Itulah sebabnya, Allah
menyediakan bulan puasa, supaya kita dapat mensucikan diri, sehingga membuat
diri kita kembali menjadi suci. Oleh karena itu puasa bukan saja bulan suci
tetapi bulan pensucian. Dan kalau kita berhasil menjalankan ibadah puasa dengan
iman yaitu percaya kepada Allah swt dan ihtisab yang
berarti mawas diri, menghitung diri sendiri atau instrospeksi, yaitu kesempatan
bertanya dengan jujur siapa kita ini sebenarnya, apakah betul kita ini sudah
banyak berbuat baik, maka Allah akan mengampuni dosa dan kesalahan kita,
Rasulullah saw. bersabda:
من
صام رمضان إيمانا واحتساباغفر له ماتقدم من دنبه
Artinya:
“Barang
siapa berpuasa ramadhan karena iman dan ihtisab, niscaya Allah akan mengampuni
dosanya yang telah lalu”
Nabi Muhammad saw
menjanjikan, kalau kita berhasil berpuasa dengan dasar iman dan ihtisab,
maka seluruh dosa kita yang lalu akan diampuni oleh Allah swt. Dan
konsekwensinya pada waktu kita selesai berpuasa yaitu pada tanggal 1 Syawal
hari ini, kita ibarat dilahirkan kembali. Itulah yang kita rayakan dengan idul
fitri (kembali suci). Kembalinya fitrah kepada kita, dan kita pun
harus tampil sebagai manusia suci dan baik, sebaik-baiknya kepada sesama
manusia, juga sebaik-baiknya kepada sesama makhluk.

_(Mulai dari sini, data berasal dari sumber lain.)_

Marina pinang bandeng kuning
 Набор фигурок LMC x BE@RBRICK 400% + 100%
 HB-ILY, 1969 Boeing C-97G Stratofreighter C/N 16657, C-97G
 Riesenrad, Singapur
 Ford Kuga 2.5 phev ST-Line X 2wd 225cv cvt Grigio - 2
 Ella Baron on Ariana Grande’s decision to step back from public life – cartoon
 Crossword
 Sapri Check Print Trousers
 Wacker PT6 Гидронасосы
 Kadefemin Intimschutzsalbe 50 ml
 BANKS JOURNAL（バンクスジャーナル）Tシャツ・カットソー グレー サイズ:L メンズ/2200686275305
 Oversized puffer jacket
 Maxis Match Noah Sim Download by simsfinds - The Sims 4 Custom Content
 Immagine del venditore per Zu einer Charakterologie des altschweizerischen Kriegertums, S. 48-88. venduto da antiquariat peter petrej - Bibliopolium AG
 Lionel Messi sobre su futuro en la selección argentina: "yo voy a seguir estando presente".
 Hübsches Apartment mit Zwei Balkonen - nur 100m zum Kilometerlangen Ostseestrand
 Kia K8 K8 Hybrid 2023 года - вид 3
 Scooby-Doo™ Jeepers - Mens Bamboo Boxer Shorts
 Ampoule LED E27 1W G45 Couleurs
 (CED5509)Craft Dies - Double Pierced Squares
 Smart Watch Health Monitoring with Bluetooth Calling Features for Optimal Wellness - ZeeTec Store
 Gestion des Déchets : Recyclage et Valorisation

Itulah sebetulnya semangat idul fitri yang kemudian kita ucapkan minal aidin wal faizin, semoga kita semuanya termasuk orang yang kembali ke fitrahnya dan sukses serta memperoleh kebahagiaan. Amin ya Rabbal alamin.
Itulah sebetulnya semangat idul fitri yang kemudian kita ucapkan minal aidin wal faizin, semoga kita semuanya termasuk orang yang kembali ke fitrahnya dan sukses serta memperoleh kebahagiaan. Amin ya Rabbal alamin.